The right to privacy and family life, safeguarding individuals from unjust interference with their privacy, family, home, or correspondence[7]. Violations of this right may arise from mass surveillance, unauthorized interception of communications, or searches and seizures without proper oversight, as well as imposing restrictions or sanctions on the relatives or associates of suspects.

The right to freedom of expression, association, and assembly, granting individuals the ability to express opinions, form and join groups, and engage in peaceful protests.[8] These rights can be compromised by counter-terrorism measures through the criminalization or censorship of dissenting views, the banning or dissolution of organizations, or the use of excessive force or arbitrary arrests to suppress or discourage demonstrations.


Addressing the treatment of terrorism suspects is a nuanced and contentious endeavour, demanding a delicate equilibrium between safeguarding state security interests and upholding the fundamental human rights of individuals.

A primary consideration in the treatment of terrorism suspects revolves around the pivotal question of whether they should be classified as criminals or designated as enemy combatants.
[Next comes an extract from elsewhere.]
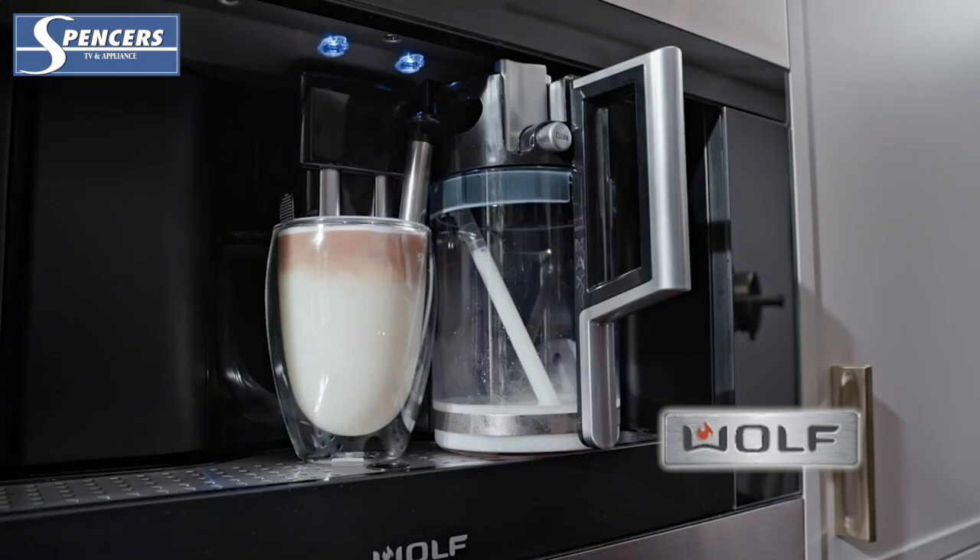Additionally, you don't need to have separate plumbing as the Coffee System Reservoir holds over 60 oz of water.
This distinction carries profound implications for the legal framework governing their detention, interrogation, and subsequent trial. Criminals benefit from civil liberties protections, including the right to a fair trial, legal counsel, and freedom from torture. Conversely, enemy combatants fall under the purview of the laws of war, allowing for increased flexibility in their handling. The challenge lies in the ambiguous definition and determination of the status of individuals as enemy combatants, posing a potential risk of arbitrary and abusive treatment for those who fall into this category.
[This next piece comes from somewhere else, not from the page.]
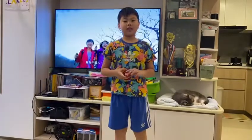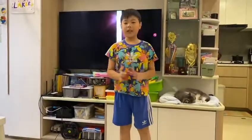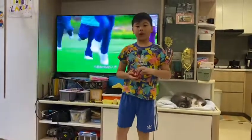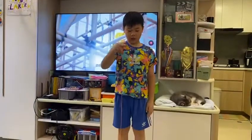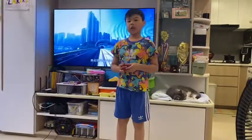Hi guys, it's me Aiden, and today I'll be showing you five yo-yo beginner tricks. When you play it, you just throw it down and take it back up. There are a lot of tricks if you didn't know, so these are just five beginner tricks. I'm using a responsive yo-yo, so when you tug it, it just comes back.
Coercive interrogation techniques emerge as another contentious facet in the treatment of terrorism suspects. Practices such as waterboarding, sleep deprivation, and stress positions are often rationalized by the necessity of extracting crucial information to prevent future terrorist attacks and save lives. However, these methods trigger profound ethical and legal concerns, as they may amount to torture or cruel, inhuman, or degrading treatment – acts explicitly prohibited by both international and domestic law. The effectiveness and reliability of these techniques also stir ongoing debates, with concerns about the potential for producing false or misleading information and the potential damage to the credibility of interrogators and the state.
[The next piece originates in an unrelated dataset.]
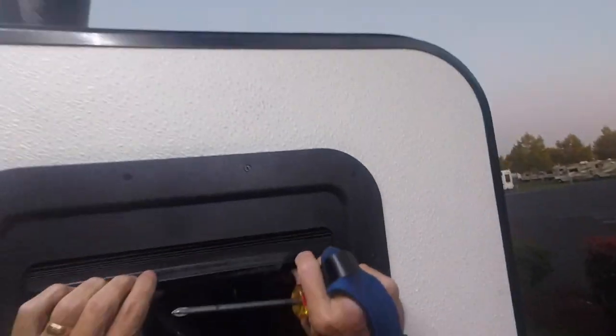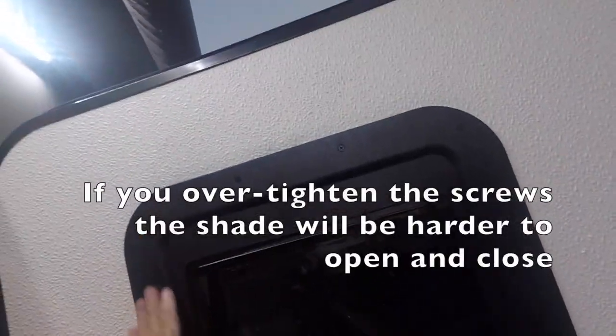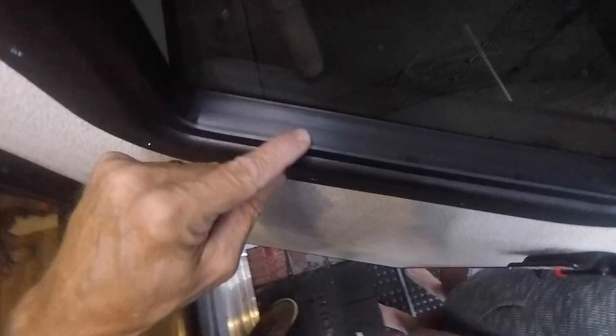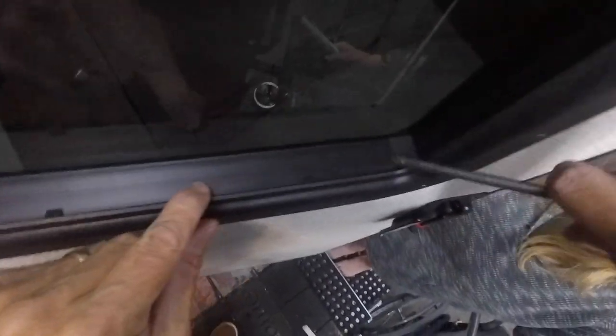Let's check how the shade looks. It's nice and tight — it goes down like that. It's a blackout shade. It's a little tight because the screws are pretty snug up here, but it should loosen up. You can see the clips right here that hold the shade in at the base, and there are some at the top too. Let's see what it looks like on the outside.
The venue and mode of trial constitute a third pivotal issue in the treatment of terrorism suspects. Options such as civilian courts, military commissions, or special tribunals offer distinct advantages and drawbacks contingent on the unique nature and circumstances of each case. Civilian courts provide more extensive procedural safeguards and confer legitimacy to the trial process. However, they may grapple with practical and security challenges, including ensuring the availability and protection of evidence and witnesses, the delicate disclosure of classified information, and the potential risk of public backlash or retaliation. Conversely, military commissions or special tribunals might offer expeditious proceedings but potentially compromise the trial’s fairness and impartiality, encroaching upon the accused’s rights to due process and equal treatment.


The utilization of severe interrogation techniques, including waterboarding, sleep deprivation, and physical abuse, on terrorism suspects has sparked controversy in the post-9/11 era. Advocates argue for the necessity and effectiveness of these methods in extracting crucial information from uncooperative detainees, while opponents assert that such practices violate the human rights and dignity of suspects and run counter to the legal and ethical principles of democratic societies.

One primary legal consequence of employing harsh interrogation methods is the potential erosion of the suspects’ right to a fair trial. The International Covenant on Civil and Political Rights (ICCPR), ratified by numerous countries, including the United States, explicitly states that everyone is entitled to humane treatment, respect for inherent dignity, and protection from torture or cruel, inhuman, or degrading treatment or punishment.[9] This right to a fair trial, including protection against self-incrimination, is further outlined in the ICCPR and other international and regional human rights instruments. Nevertheless, the use of harsh interrogation methods may infringe upon these rights by causing physical and psychological harm, coercing false or unreliable confessions, and depriving suspects of due process and legal representation. Notably, the case of Khalid Sheikh Mohammed, allegedly the mastermind of the 9/11 attacks, who underwent waterboarding 183 times, raises concerns about the credibility of statements in court.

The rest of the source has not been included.